What does it mean to be joyfully obedient? First of all, it comes from:

a) Receiving God’s forgiveness

Warren Wiersbe says, “It is as wrong to mourn when God has forgiven us as it is to rejoice when sin has conquered us.”[6]  Both are acts of pride. The Scripture says that “God opposes the proud and gives grace to the humble” (1 Pet. 5:5). I don’t want God to oppose me! It is a slap in the face of our Lord to keep mourning over our sin once we have confessed them, just as it is to step on His blood and rejoice knowing there is unconfessed sin in our hearts. 1 John 1:9 tells us that He is faithful to forgive us once we have confessed our sin. Col. 2:13-14 says that the Carpenter of Nazareth became the Carpenter of Calvary, when He forgave all of our sins and nailed them to the cross.  Forgiveness does not mean that God cancels all of the consequences of our wrongdoing. But it does mean that He refuses on His part to let our guilty past affect His relationship with us.

Some of my favorite passages on God’s forgiveness include: Ps. 103:12: “As far as the east is from the west, so far has he removed our transgressions from us” and Is. 1:18, “though your sins are red as scarlet, it will be made white as snow” and Micah 7:19: “He will again have compassion on us; he will tread our iniquities underfoot.

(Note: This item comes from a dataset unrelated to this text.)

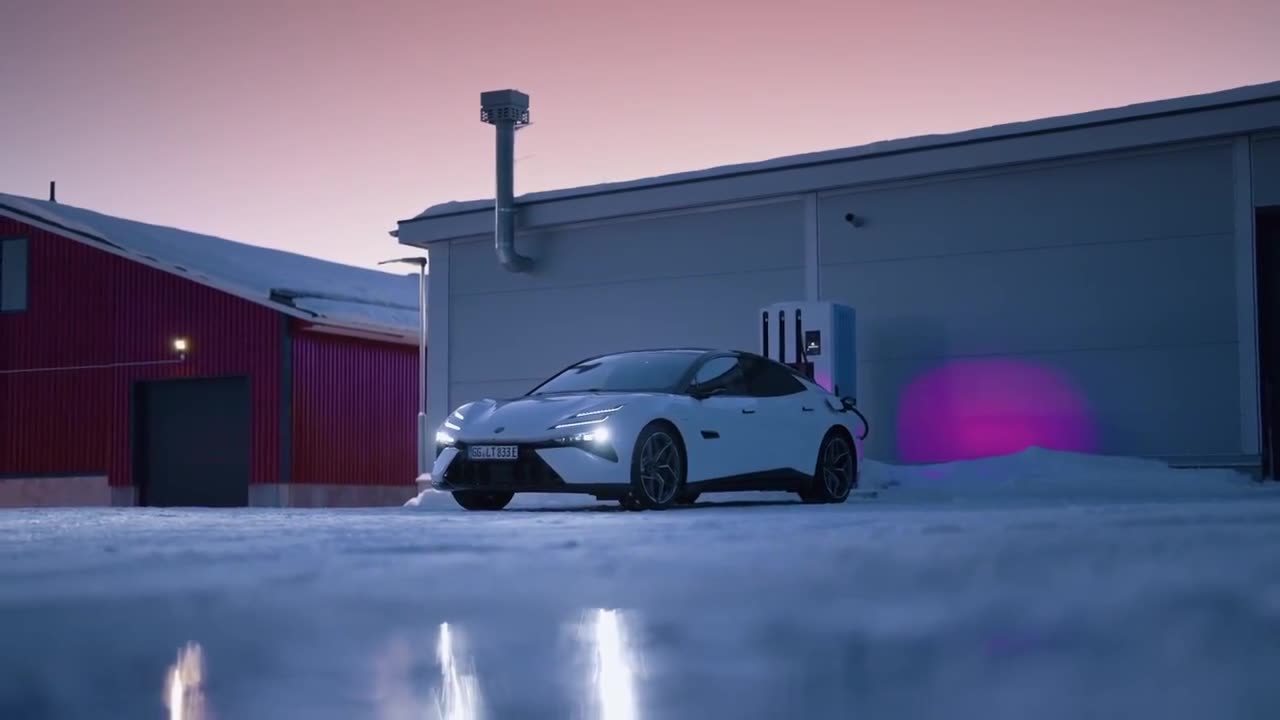 Lotus Emeya in Akoya White Driving Video in Cold Weather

You will cast our sins into the depths of the sea.” D.L. Moody adds, “God has cast our confessed sins into the depths of the sea, and He’s even put a “No Fishing” sign over the spot.”[7] In a dream Martin Luther once had he saw a book where all his sins were written. In the dream, the devil spoke to Luther, “Martin, here is one of your sins, here is another,” pointing to the writing in the book. Then Luther said to the devil, “Take a pen and write, ‘The blood of Jesus Christ, God’s Son, cleanses us from all sin.”’[8]

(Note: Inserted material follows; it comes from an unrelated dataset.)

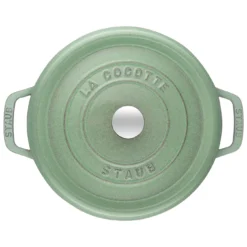 Staub Gietijzeren Braadpan 26 Cm / 5,25 L, Rond, Salie -Kook Warm Verkoopwinkel 40505 364 3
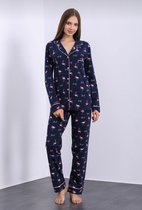 Satijn Dames 2- Delige -Pyjama- Luxe Pyjamaset- Nachtkleding Zwart Met Flamingo Print Maat XL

We need balanced thinking. On the one hand, I always want to have a grieving and growing awareness of my sinfulness. But at the same time, we need to learn to grow in love for our Lord, not excusing sin, but growing in adoration for His great salvation that came with such a great cost! This balance is always the result of personal revival.

Secondly, joyful obedience means:

b) Rejoicing in God’s joy

Look at the phrase there in Neh. 8:10 “the joy of the Lord is your strength” and again in Neh. 8:12 that they went home to “make great rejoicing.” The words “joy” and “rejoicing” are repeated a few times in Neh. 8:10-18. The Word of God brings conviction, but it always brings joy. The Word wounds, but also heals. This is why Jeremiah says, “Your words were found, and I ate them, and Your word was to me the joy and rejoicing of my heart; for I am called by Your name” (Jer. 15:16, NKJV). Ps. 19:8 says, “The statues of the Lord are right, rejoicing the heart.” 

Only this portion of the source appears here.